== WORK TASK ==
The data below should be transcribed in full, with no picture included.

═════ EXERCISE DATA

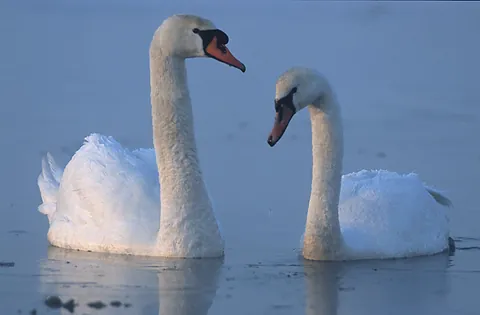 swan: any of various species of large, long-necked waterfowl, of genus Cygnus (bird family: Anatidae),...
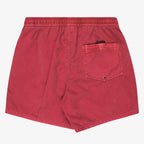 Quiksilver Everyday Surfwash Volley 15" Shorts Russet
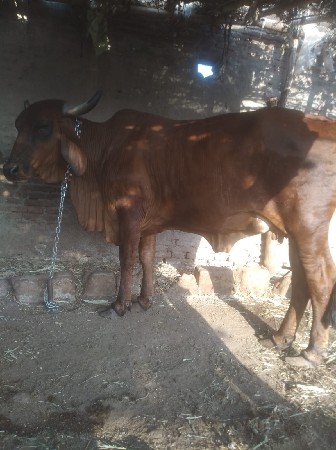 थंबनेल 2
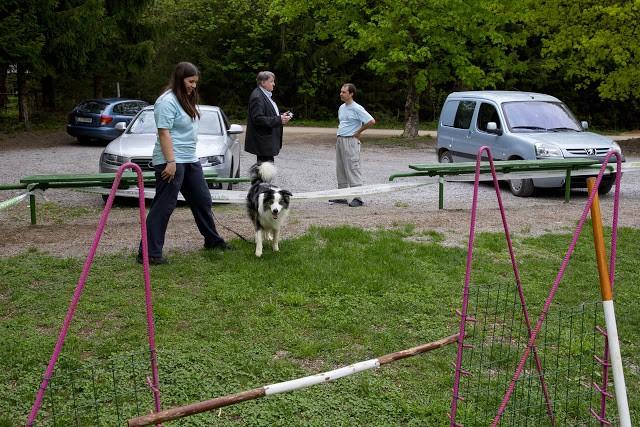 ŠPORTNO KINOLOŠKO DRUŠTVO POSTOJNA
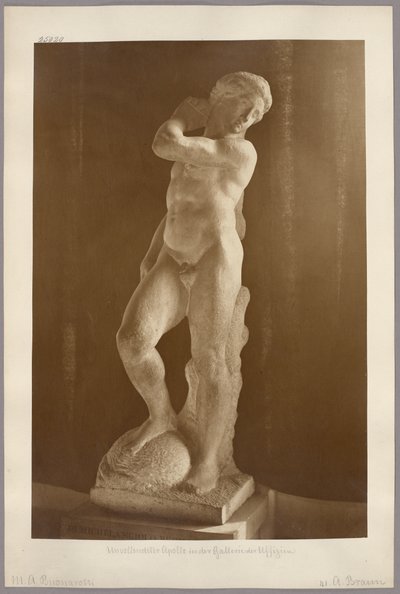 Unfinished Apollo in the Uffizi Gallery by Adolphe Braun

══════════

== RESPONSE TO THE TASK ==
 swan: any of various species of large, long-necked waterfowl, of genus Cygnus (bird family: Anatidae),...
 Quiksilver Everyday Surfwash Volley 15" Shorts Russet
 थंबनेल 2
 ŠPORTNO KINOLOŠKO DRUŠTVO POSTOJNA
 Unfinished Apollo in the Uffizi Gallery by Adolphe Braun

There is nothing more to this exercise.